Potographer Bill Peremiczky noticed the unusual crow near the pond in Sardis Park last week. He told Daily Hive he’d never seen anything like it, saying it must be one of a kind.
As it turns out, white crows do sometimes appear in nature, but they’re very rare, according to John Marzluff, a professor of wildlife science at the University of Washington.
This crow was leucistic, meaning it carries a genetic mutation that prevents pigment from being deposited in the feathers. It’s similar to albinism, but albino birds wouldn’t have melanin anywhere — their eyes, skin, and mouth lining would are pink as well.

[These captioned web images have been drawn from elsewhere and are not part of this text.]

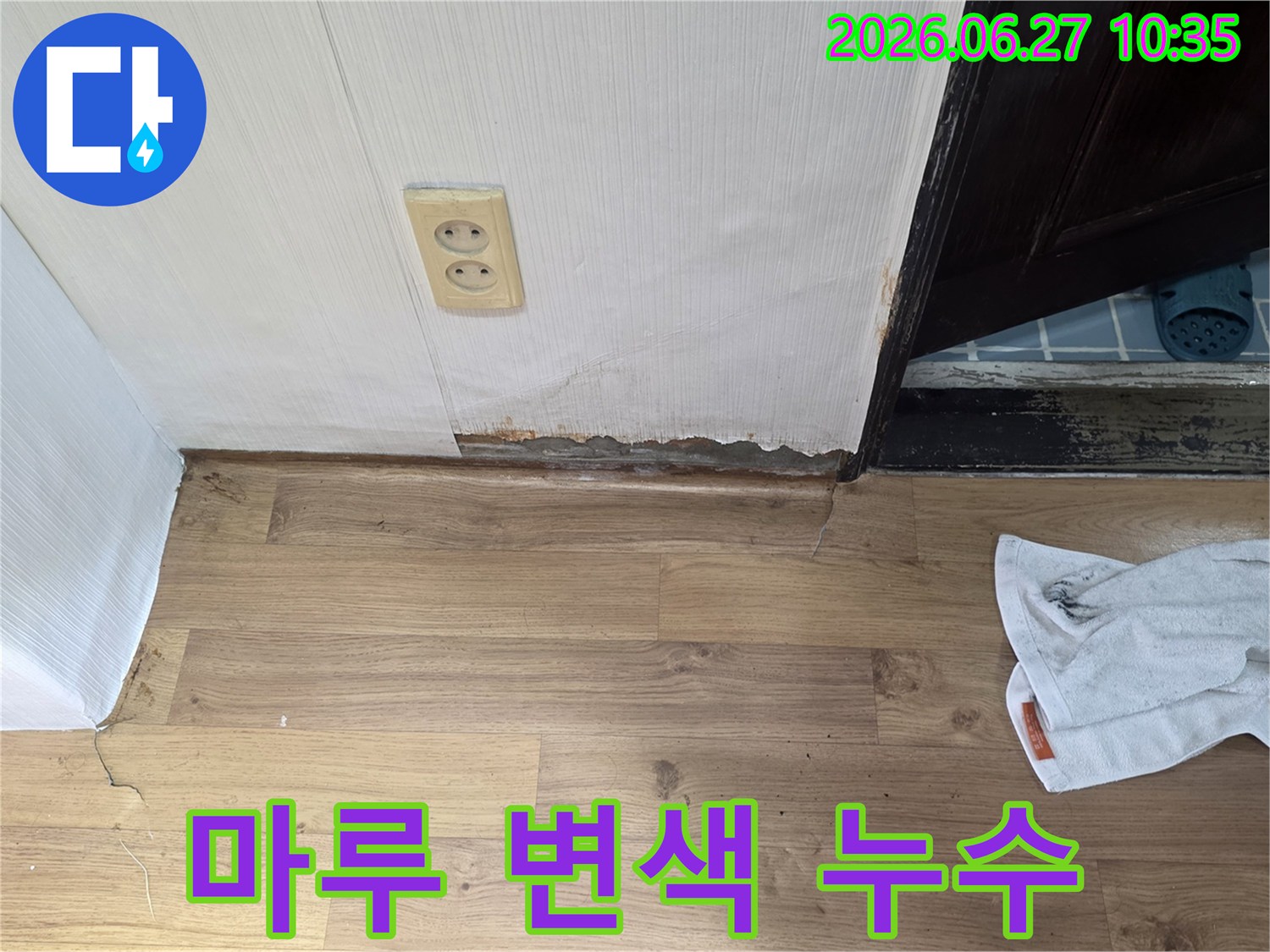 벽면 하단과 마루 경계 부분에 물기가 스며들어-변색되고 손상된 누수 현장의 모습입니다.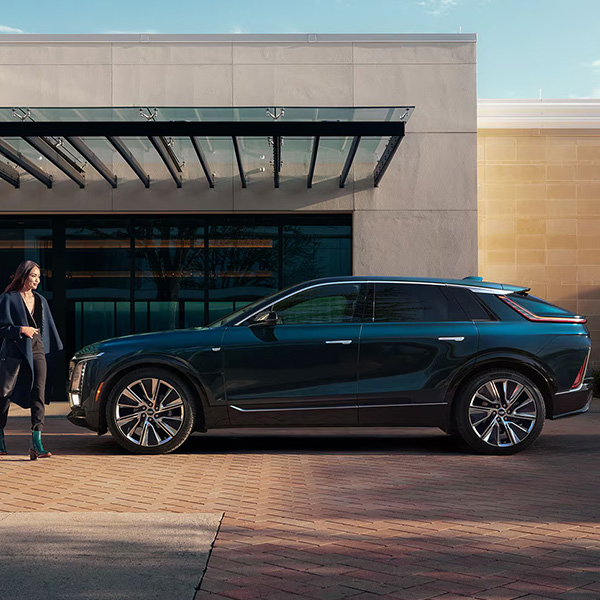 woman walking areound outside of new cadillac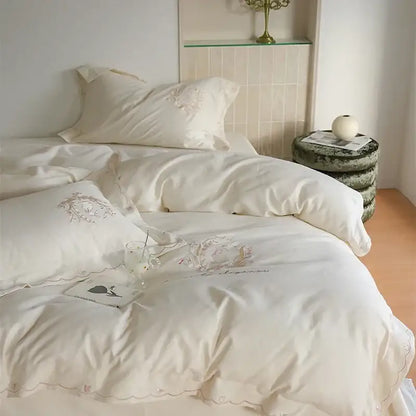 Cream-colored satin duvet cover set with delicate floral embroidery and scalloped edges for elegant bedroom decor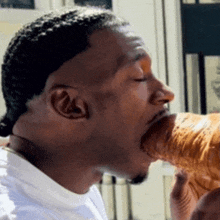 a man in a white shirt is eating a sandwich with his mouth open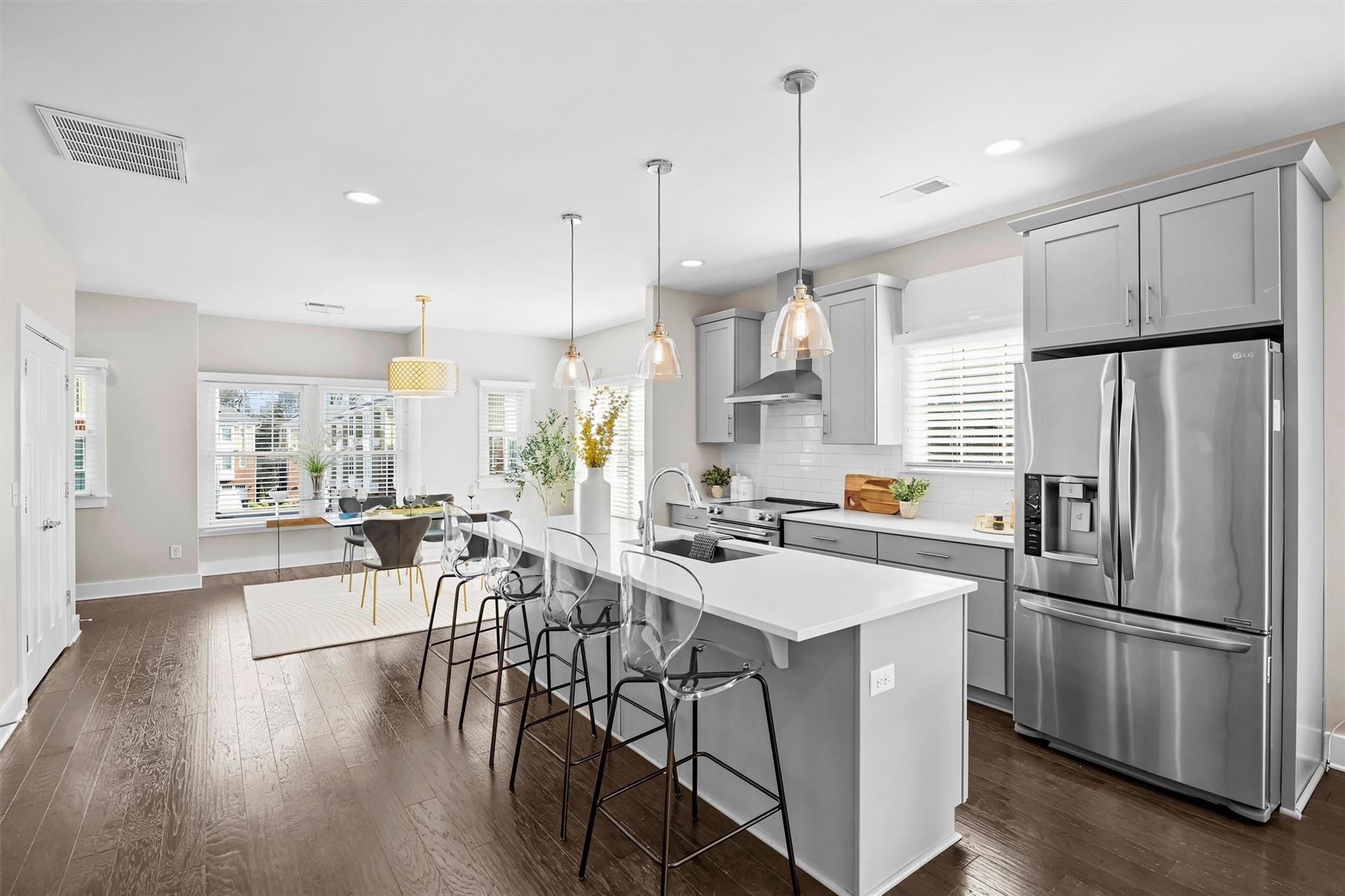 131 Grandin Road Charlotte, NC 28208 - Photo 18 of 45 a kitchen with stainless steel appliances a refrigerator a stove a sink dishwasher a oven and a dining table with wooden floor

Marzluff said the crow from Chilliwack is typical for a leucistic crow — uniform white plumage that could be brown or reddish in places. Leucism can sometimes affect patches of a bird’s feathers, which can be genetic or due to damage to a feather follicle.
Marzluff said one or two leucistic crows are typically spotted every year in the Seattle area, and based on the crow population of 15,000 to 30,000 birds, he estimates the incidents of leucism is about one in every 10,000 crows. But of course, it’s impossible to know precisely.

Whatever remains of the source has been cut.